Nanette Perez of ALA’s Office for Intellectual Freedom sent out a link to this AOL study on web users’ behavior and statements regarding data privacy. The study finds, unsurprisingly, that most web users say they highly value privacy online but routinely give it up in exchange for convenience or small rewards.

This study illustrates a problem that libertarians pose all the time, and one which deserves an articulate answer. If people say they want one thing but show they want another by their behavior in the marketplace, does that mean we should ignore their expressed values and let the market make our decisions as a society? For example, if people say they don’t want to support sweatshops but keep buying cheap clothes at Target, a libertarian might say, don’t their decisions in the marketplace show their real priorities?

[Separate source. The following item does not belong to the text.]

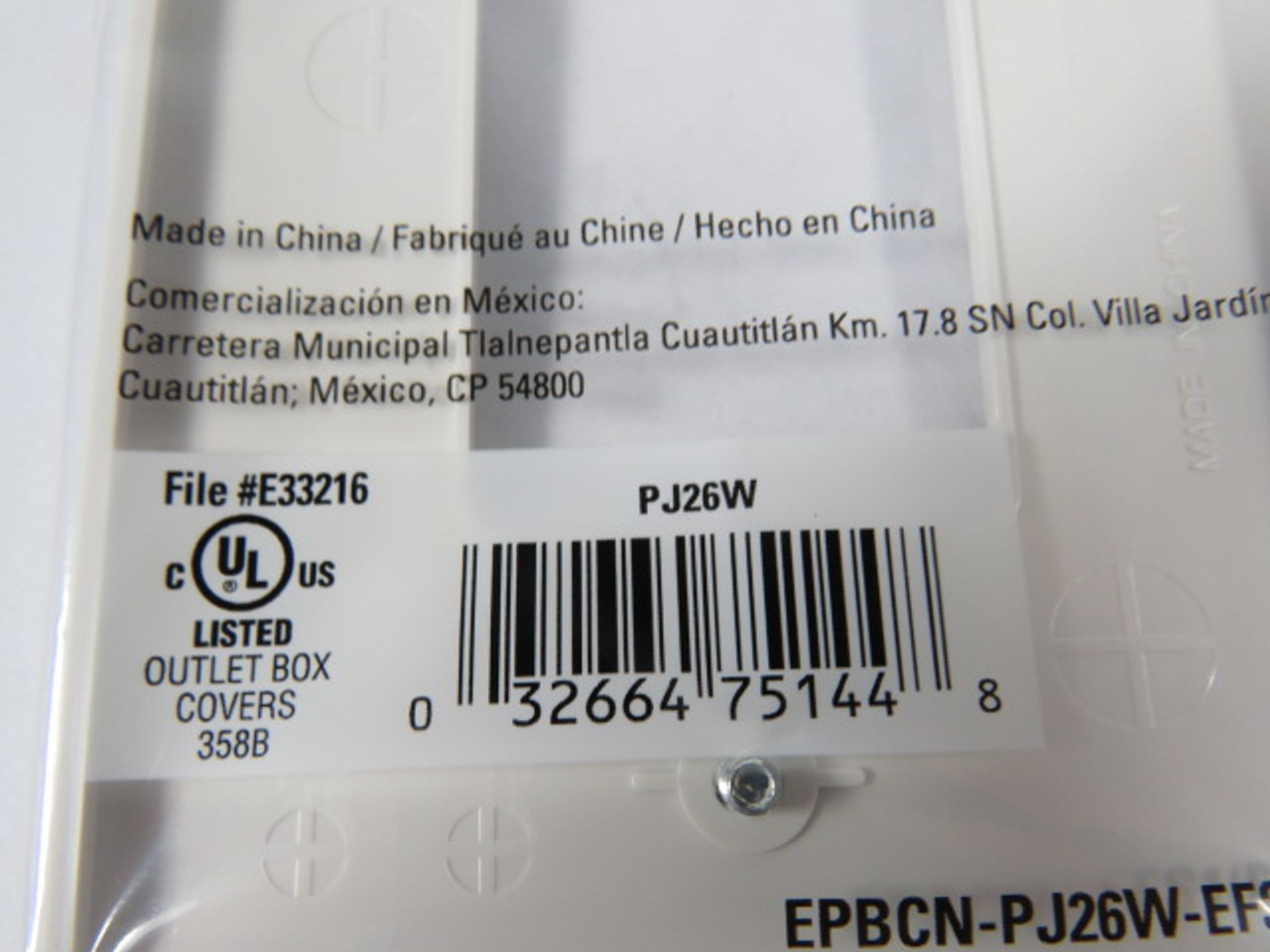 Eaton PJ26W Single Gang Decorator Wall Plate Lot of 16 ! NOP !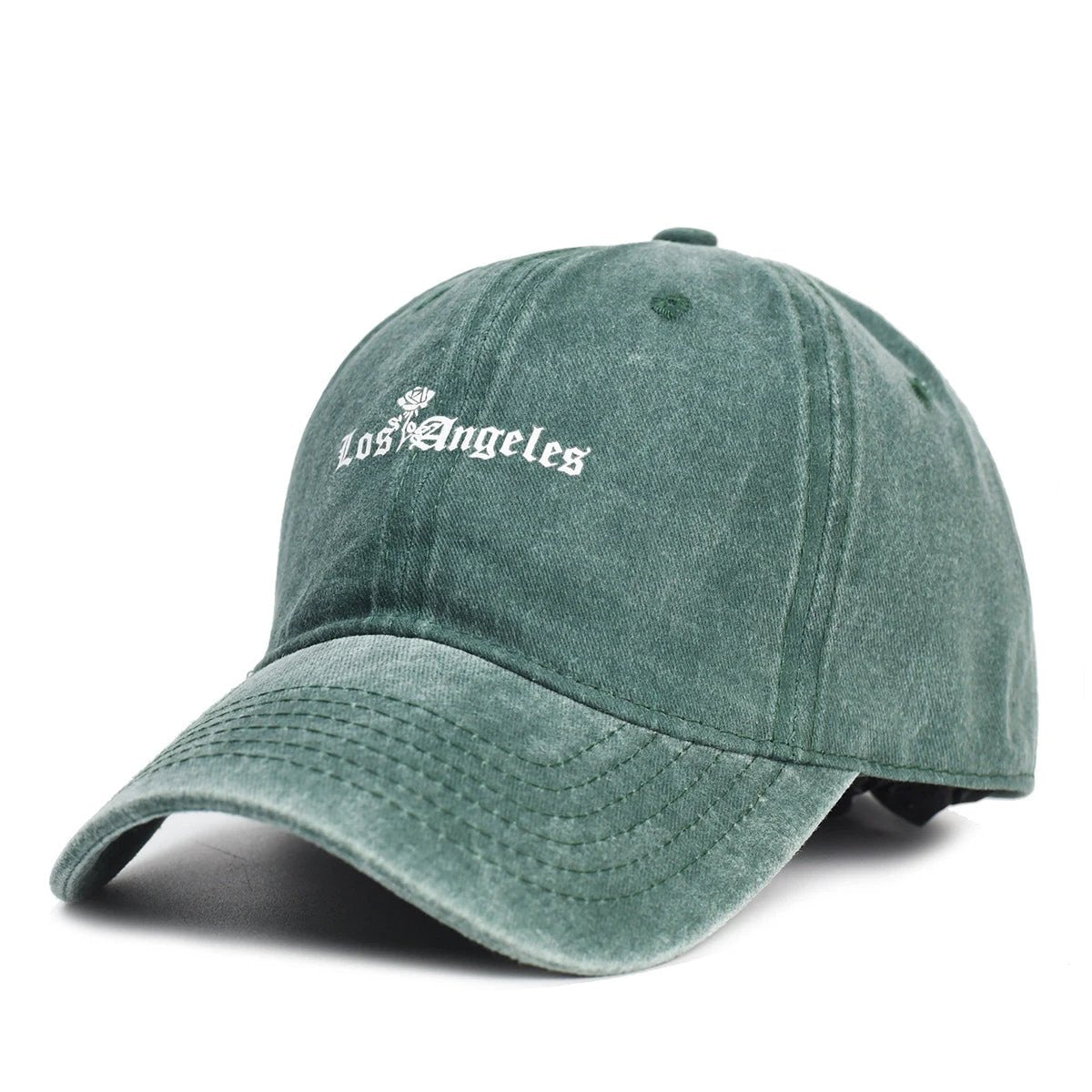 Washed Cotton Printed Dad Hat For Men by GJG Denim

This is why critics call free-market policy directions a “race to the bottom.” People are complex and multilayered. We tend to be at our worst when faced with temptation, which is what we’re asking for when we don’t use democracy to turn our values into regulatory policies. We want free choice, but we recognize that all choices are made in a certain environment and under certain conditions. We want to shape our environment in order to help us make the choices that on reflection we want to make.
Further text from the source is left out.